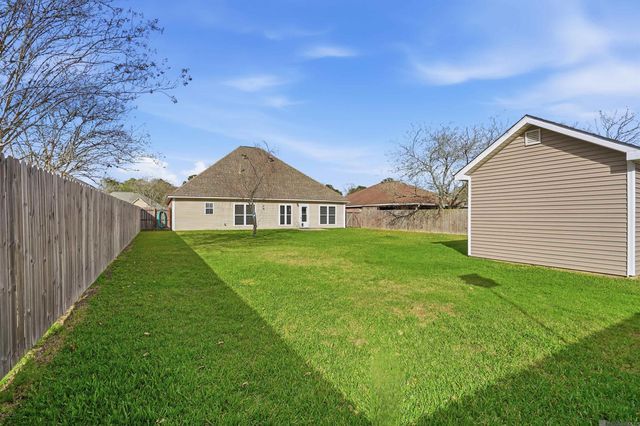 12376 Mimosa Dr, Denham Springs, LA 70726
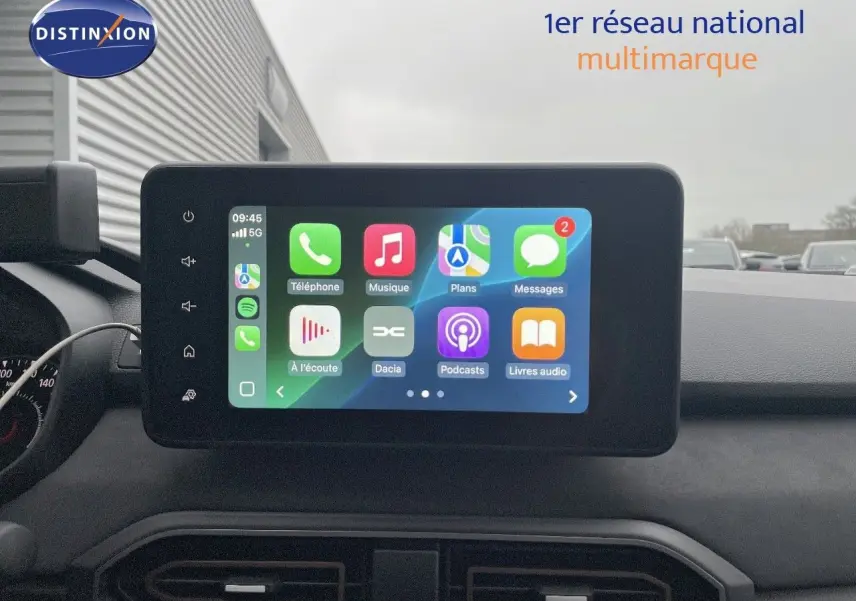 Écran tactile central affichant Apple CarPlay dans l'habitacle d'une Dacia Jogger, vue de face.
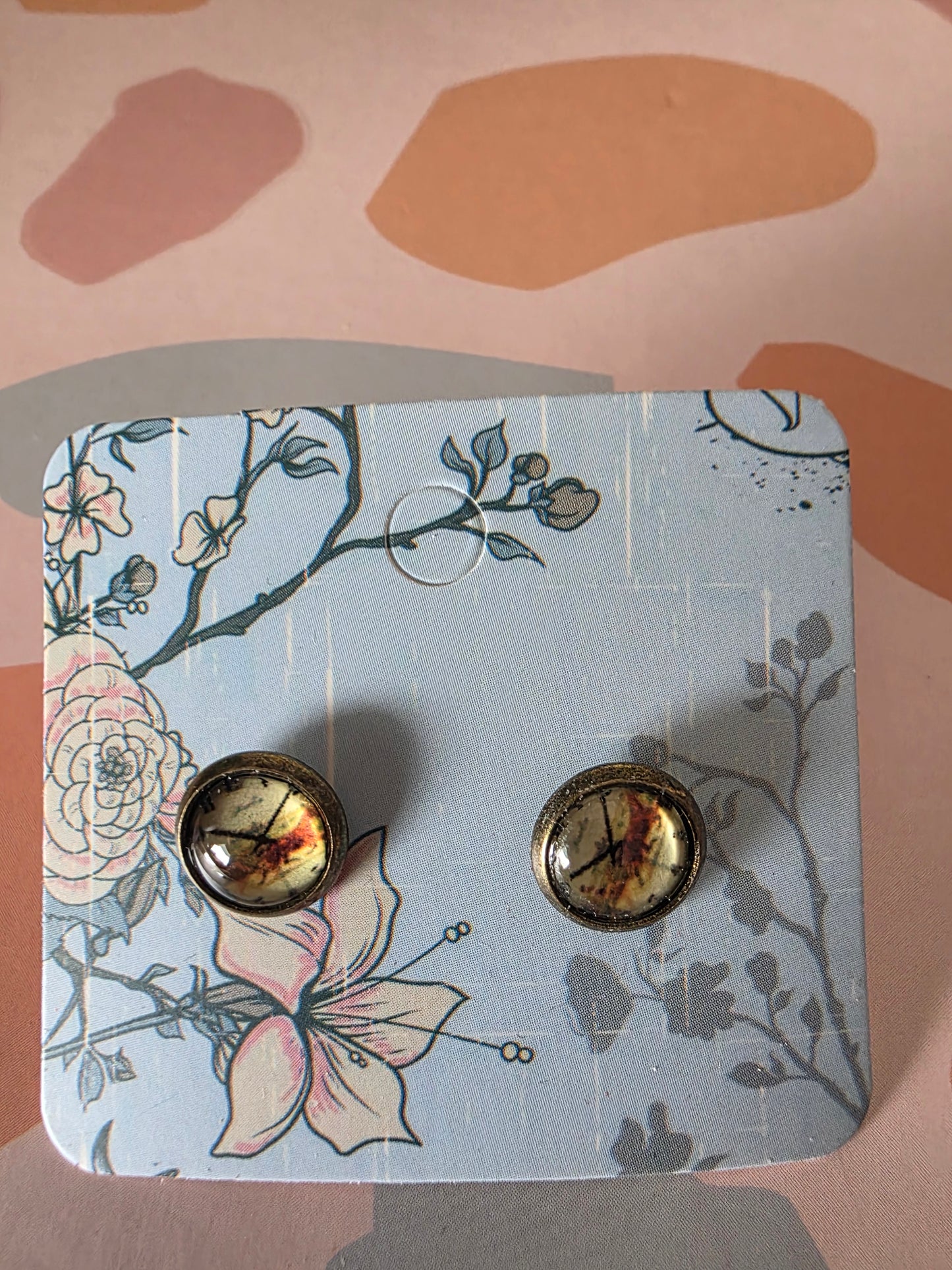 Small clock studs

§ DIRECTIONS FOR THIS TASK
Skip all pictures. Then give again, exactly, each line from the line holding "Écran tactile central" through the last line of the listing above, both ends included.

§ OUTPUT OF THE TASK
 Écran tactile central affichant Apple CarPlay dans l'habitacle d'une Dacia Jogger, vue de face.
 Small clock studs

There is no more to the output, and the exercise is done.